If we run out of cities for extended projects (should happen soon enough?), then it's less if a concern, until you look at all the guild actions which consume forests.

Oh, and Baths are not limited to TS: only requirememt is aqueduct. So there's your 1 forest slot/turn forever, alone outstripping sole passive policy.

This turn we used 2 slots for IW, 1 for Baths, 1 for Porcelain - 4 total. And added 3 via Kilns. Net -1 slot. And people are discussing posdibility of not doing Kilns every single turn, when they are not enough. This is not enough evidence for you still?
Seriously, 4 slots per turn is a bit of an outlier (probably), but with Baths, guild actions and all I expect at least 2 slots/turn. Not taking either Kilns or forests every single turn is not an option anymore, and that is not guaranteed to be enough. eiyher.

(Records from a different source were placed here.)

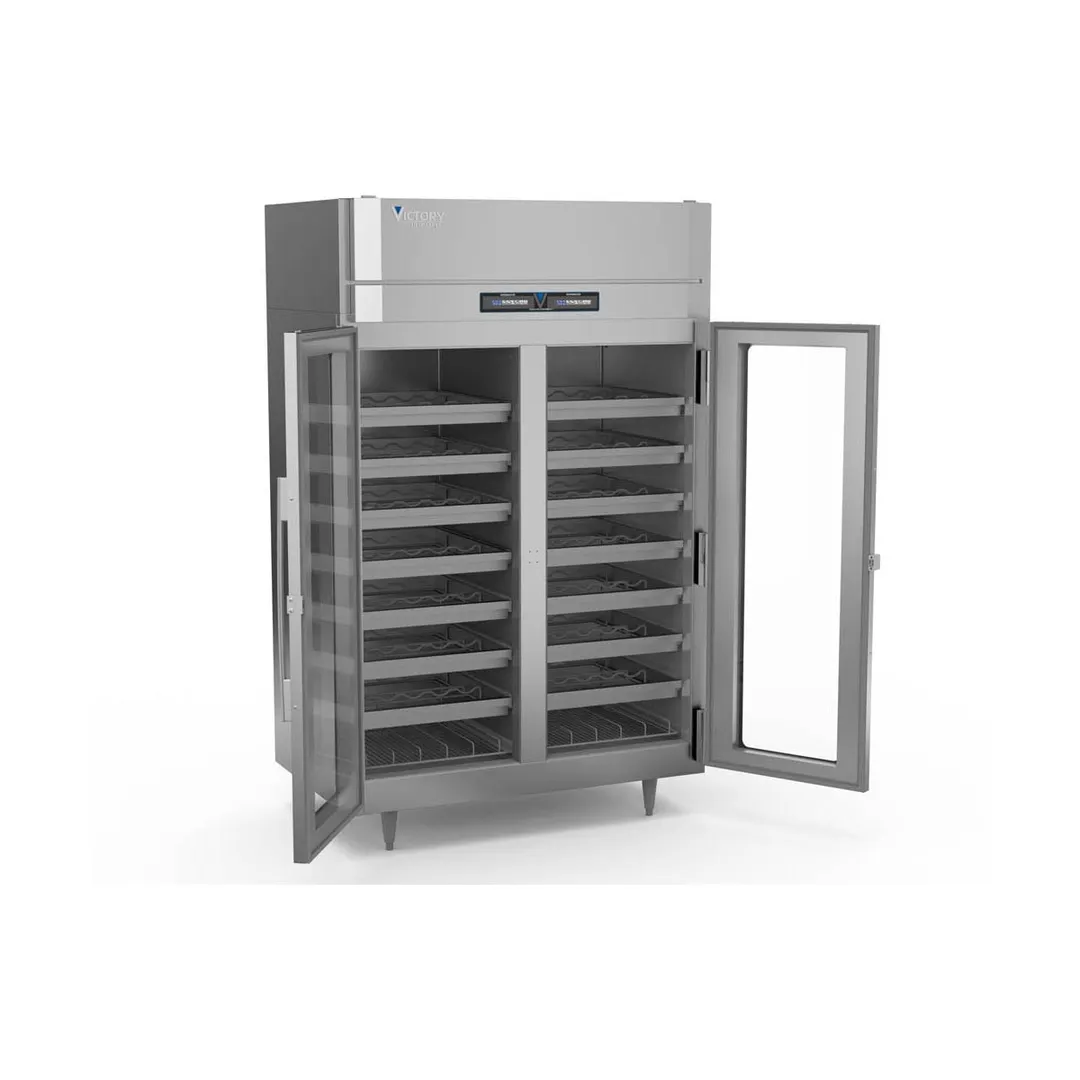 Victory WCDT-2D-S1-HC 52" Glass Door Wine Refrigerator, Dual Temperature, 160 Bottles
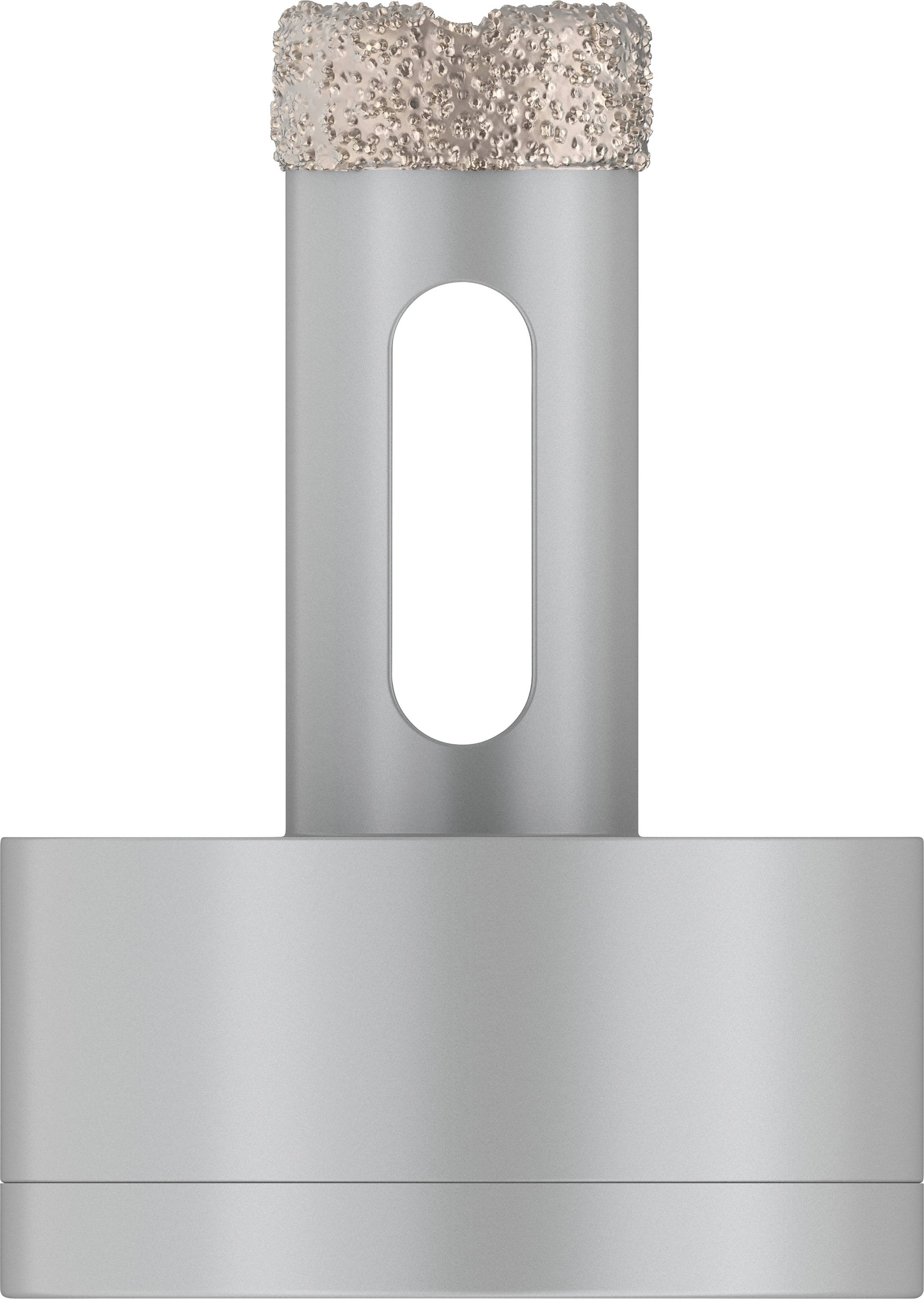 Ein zylinderförmiges silbernes Werkzeug mit einem strukturierten Kopf, wahrscheinlich für Schleif- oder Schneidearbeiten verwendet.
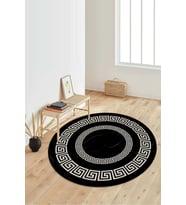 Dijital Baskılı Kaymaz Taban Yıkanabilir Yuvarlak Salon Halısı Koridor Halısı Paspas NDY-SD-494 (Siyah)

We did hit 1 econ. See Bungie's math earlier. In addition, the Influence would have dropped us to 3 wealth, which would trigger a Stability loss, allowing WY to nom us, costing more econ (and maybe starving us outright? Not sure of order of operations here) and potentially not paying out a full Stab roll for the Enforce Justice. Legit all of that would have been pretty bad, so I don't think an Influence would have been smart this turn.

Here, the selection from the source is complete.